== Records for this task ==

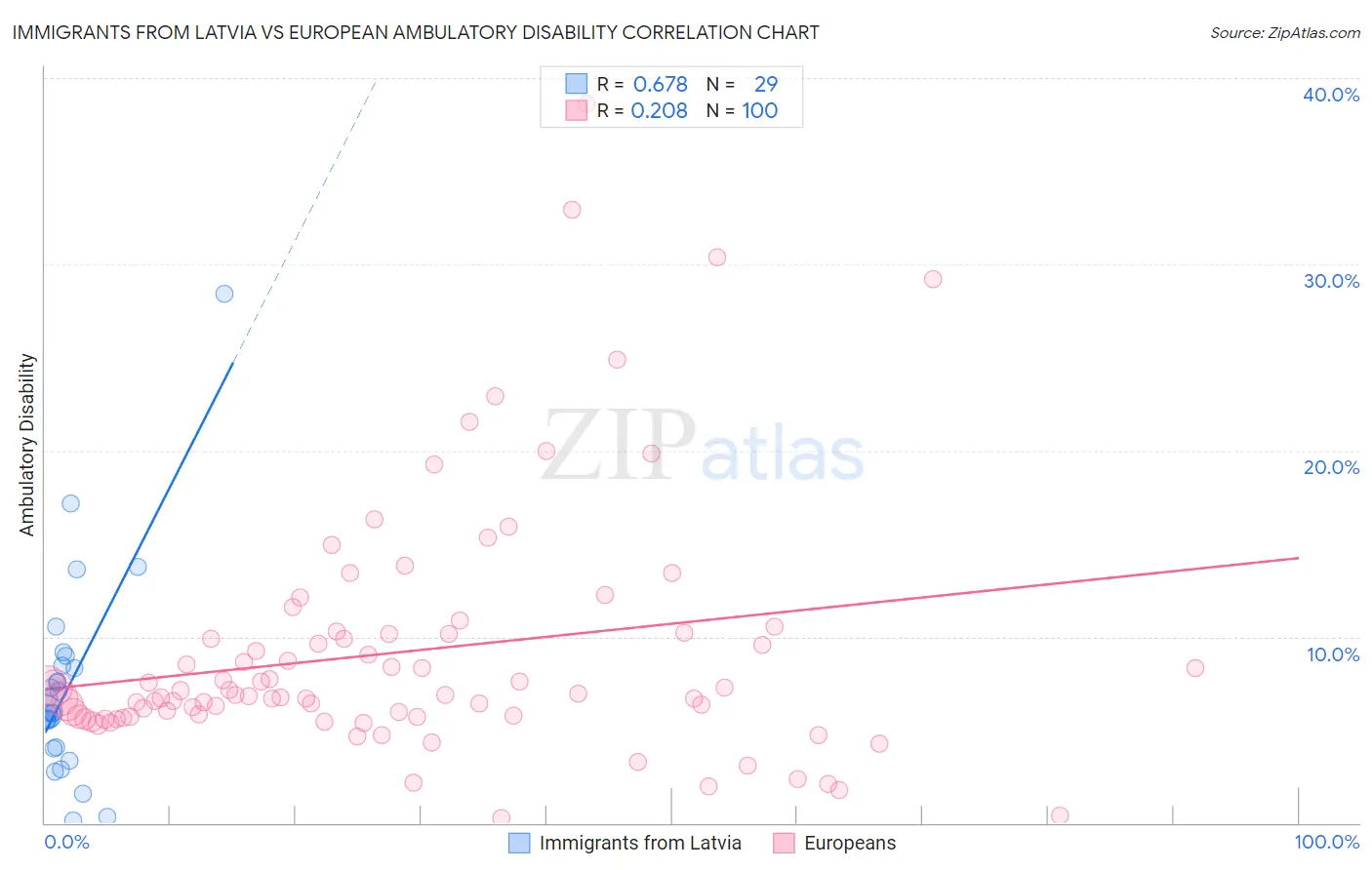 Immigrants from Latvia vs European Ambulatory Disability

===
== Records for this task ==

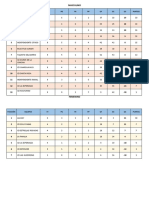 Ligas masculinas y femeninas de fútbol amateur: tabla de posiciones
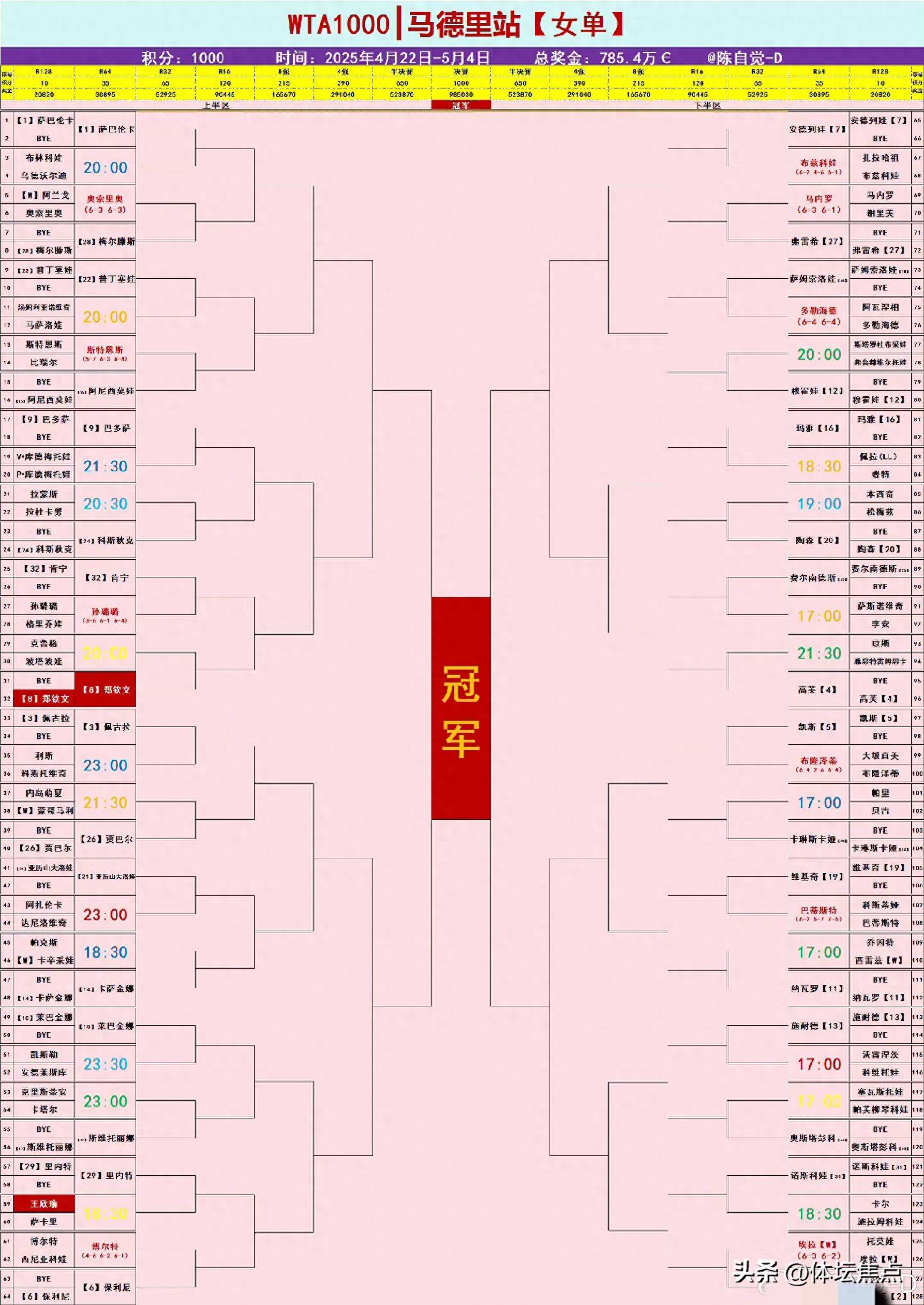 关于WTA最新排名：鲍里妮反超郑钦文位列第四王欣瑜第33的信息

===

Write out exactly the lines above between the one with "Ligas masculinas y" and the one with "关于WTA最新排名：鲍里妮反超郑钦文位列第四王欣瑜第33的信息", inclusive, with pictures left out.

* Answer for the task *
 Ligas masculinas y femeninas de fútbol amateur: tabla de posiciones
 关于WTA最新排名：鲍里妮反超郑钦文位列第四王欣瑜第33的信息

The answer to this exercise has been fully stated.